The 25th anniversary of China's Tiananmen Square uprising and subsequent massacre won't be officially observed by Beijing. This is not to say it won't be marked. Every year, around this time, activists and those who lost loved ones in the crushing of the pro-democracy movement are rounded up, placed under house arrest, taken to prison or otherwise cowed into silence.
This state-imposed amnesia means an entire generation of young Chinese citizens know practically nothing of what happened, beyond the party line. China's leaders continue to claim the government intervened to "restore calm." School textbooks have been scrubbed of reality and references on the Internet blacked out.
The Chinese government's paranoia in the immediate wake of Tiananmen Square, and its instinct to crack down, may have made sense from its point of view. But 25 years on, the regime should face the facts of its own history. In many ways, China has moved on. It has emerged as an economic powerhouse, boasts a young, educated population and has shown itself willing to confront some of the world's most pressing problems – from air pollution to the poverty of its own people.
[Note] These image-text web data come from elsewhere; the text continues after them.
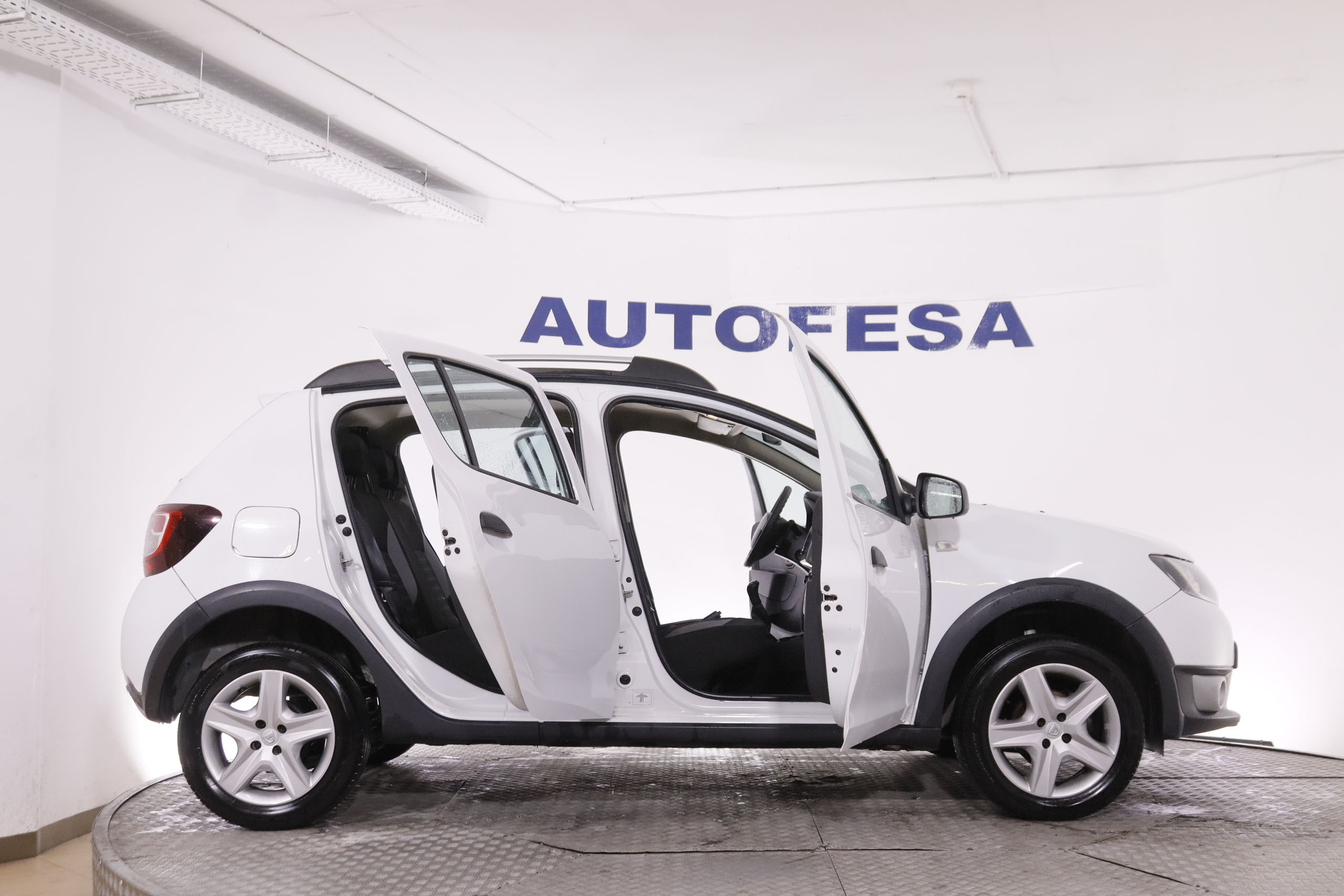 Dacia SANDERO 900 TCE STEPWAY 90CV 5P # IVA DEDUCIBLE 900 TCE STEPWAY 90CV 5P # IVA DEDUCIBLE foto 11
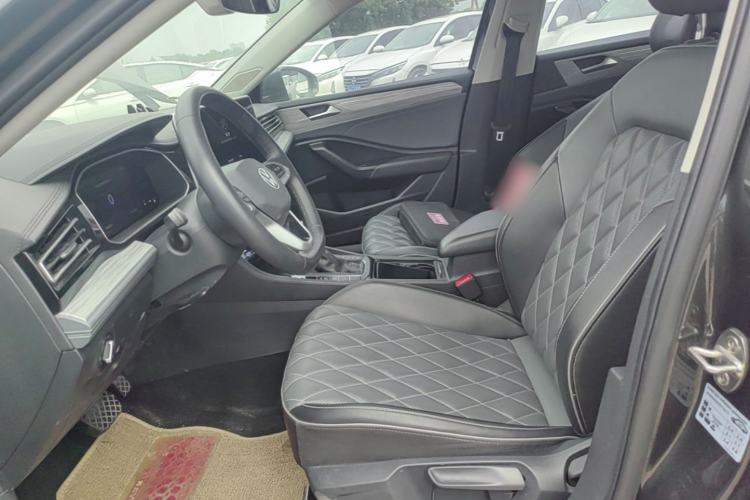 Used Volkswagen Sagitar 2023 200TSI DSG Excellence Edition Left Front Seat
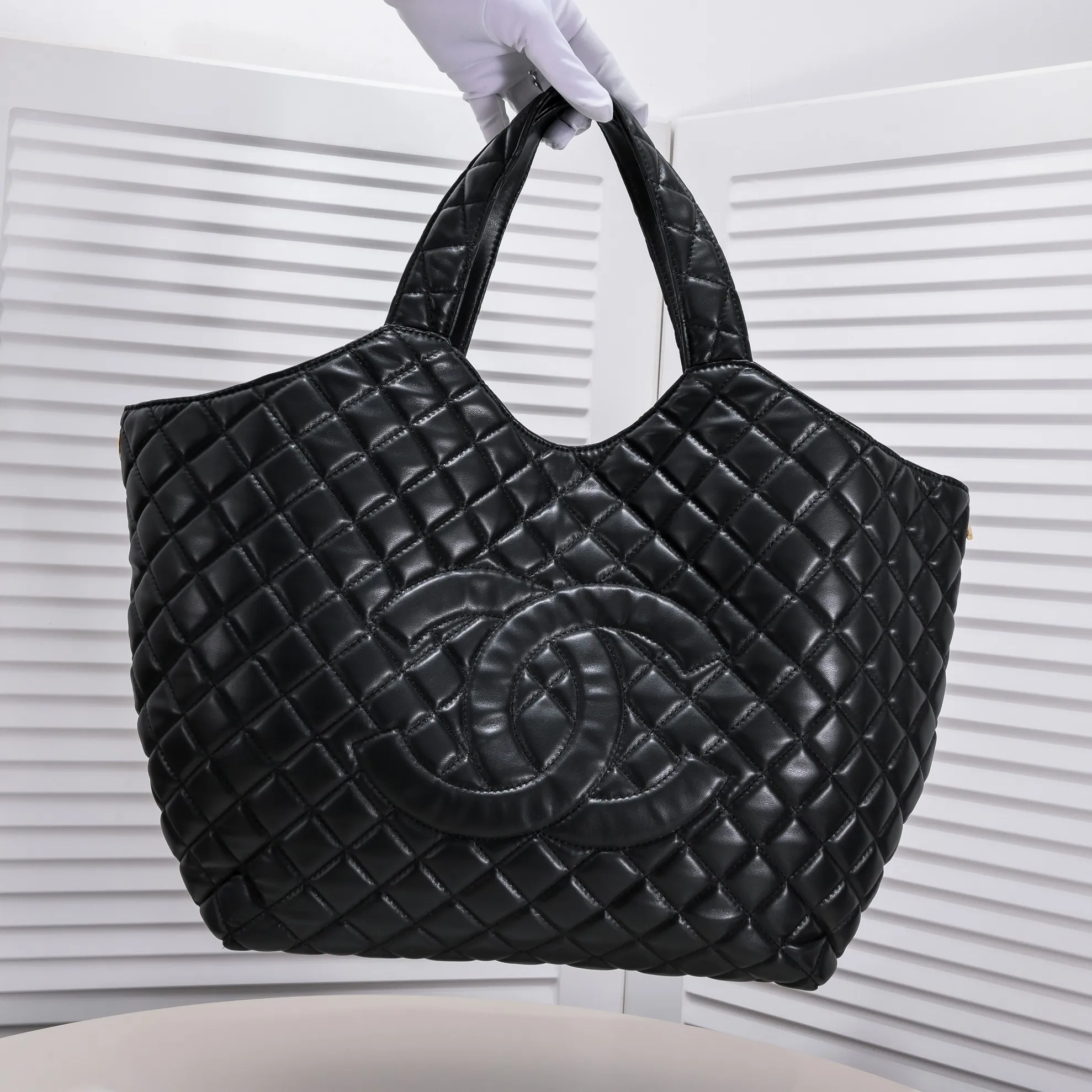 💰520￥𝗖𝗛𝗔𝗡𝗘𝗟 With the rise of the "little waste bag" trend, the sizes of major brand bags are getting smaller and smaller. While fashionable people carry their concave shapes, they often have to prepare a large handbag to hold mobile phones, water bottles, umbrellas and other daily items. It seems that they have heard everyone's needs. This season, 𝗖𝗛𝗔𝗡𝗘𝗟家 has launched a new bag IC that is said to be "able to hold everything in life" ARE, whose name originates from the Greek mythological figure - Icarus, is a three-dimensional monogram in the center of the Napa sheepskin. It is avant-garde and aura. The creative director of 𝗖𝗛𝗔𝗡𝗘𝗟 also said that this handbag will soon become the brand's most eye-catching new style. For people who cannot rely on small handbags for daily travel, Icare's spacious large-capacity design and simple and clean shape must be very suitable for you! Model: 9094 Large bag size: opening width 58cm, bottom width 47cm, height (with wrist) 61cm, bottom side width 8cm Small bag size: 27x13x8cm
But China's remarkable progress stops at political freedom. It remains a one-party state wholly opposed to reform. The regime relies on torture and imprisonment to stifle dissent. China's strategy of liberalizing the economy while ignoring political freedom can only hold for so long. Young, educated Chinese may seem too preoccupied with their new wealth to question limits on their liberty, but through travel and engagement with the rest of the world, they are increasingly aware of it. If China wants to advance with the ambitions of its population, it needs to confront its past. None of that can happen until Chinese authorities are willing to cut through the fog of amnesia that descends every spring.